Lavrov, entrevistado pela televisão estatal russa, disse que Washington, nas suas relações com a América Latina e o Médio Oriente, estava “nos levando de volta a um mundo onde nada existia” no direito internacional.
“Os Estados Unidos declararam oficialmente que ninguém pode ditar isso”, disse ele na entrevista, cujo texto foi publicado no site do Itamaraty.
“Ele só se preocupa com o seu próprio bem-estar e está pronto para defender esse bem-estar por qualquer meio – golpes de estado, sequestros ou assassinatos de líderes de países que possuem os recursos naturais de que os americanos necessitam.
“Venezuela, Irã, nossos colegas americanos não escondem que se trata de petróleo. Eles têm uma doutrina de domínio nos mercados globais de energia.”

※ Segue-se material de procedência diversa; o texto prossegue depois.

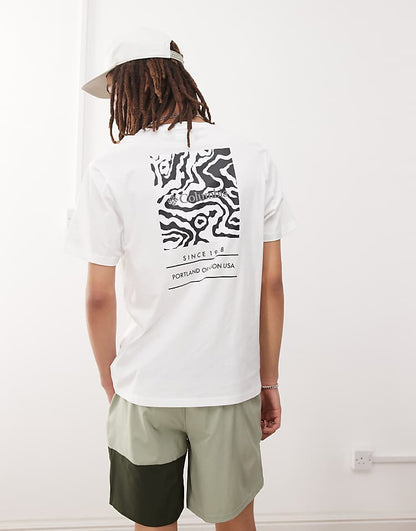 https://images.asos-media.com/products/columbia-barton-spring-short-sleeve-graphic-tee-in-white/207366297-1-white?$n_750w$&wid=750&fit=constrain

Lavrov aludiu à captura do presidente venezuelano Nicolas Maduro numa operação militar dos EUA em janeiro e ao assassinato do líder supremo iraniano, o aiatolá Ali Khamenei, em ataques aéreos conjuntos EUA-Israel no final de fevereiro.
Os Estados Unidos, disse Lavrov, “isolaram” a Europa, instando os estados europeus a abandonar o agora danificado gasoduto Nord Stream que transporta gás russo para a Alemanha e apoiando os apelos da União Europeia para desencorajar a Hungria e a Eslováquia de comprarem gás russo.

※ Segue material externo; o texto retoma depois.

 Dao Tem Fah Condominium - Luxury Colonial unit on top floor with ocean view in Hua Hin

“Esta não é uma abordagem às relações internacionais. É uma tentativa de regressar à era colonial”, disse Lavrov, denunciando a política europeia como sendo movida pela “arrogância e desprezo pelos outros”.
Mesmo ao procurarem uma solução para a guerra de quatro anos na Ucrânia, disse ele, os Estados Unidos estavam a promover os benefícios de “enormes oportunidades económicas”.

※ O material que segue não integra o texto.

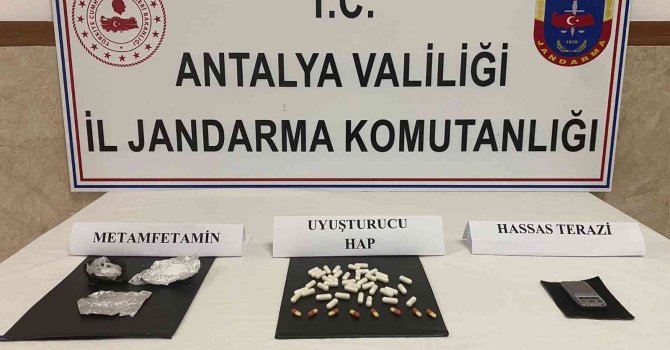 Jandarmadan uyuşturucu tacirlerine operasyon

“Ao mesmo tempo, tudo o que acabei de descrever está acontecendo em paralelo. Estamos sendo expulsos de todos os mercados globais de energia”, disse ele.
“Se estivermos prontos para realizar projetos mutuamente benéficos no nosso território e fornecer aos americanos aquilo que lhes interessa… então os nossos interesses também devem ser respeitados. Até agora, não vemos isso.”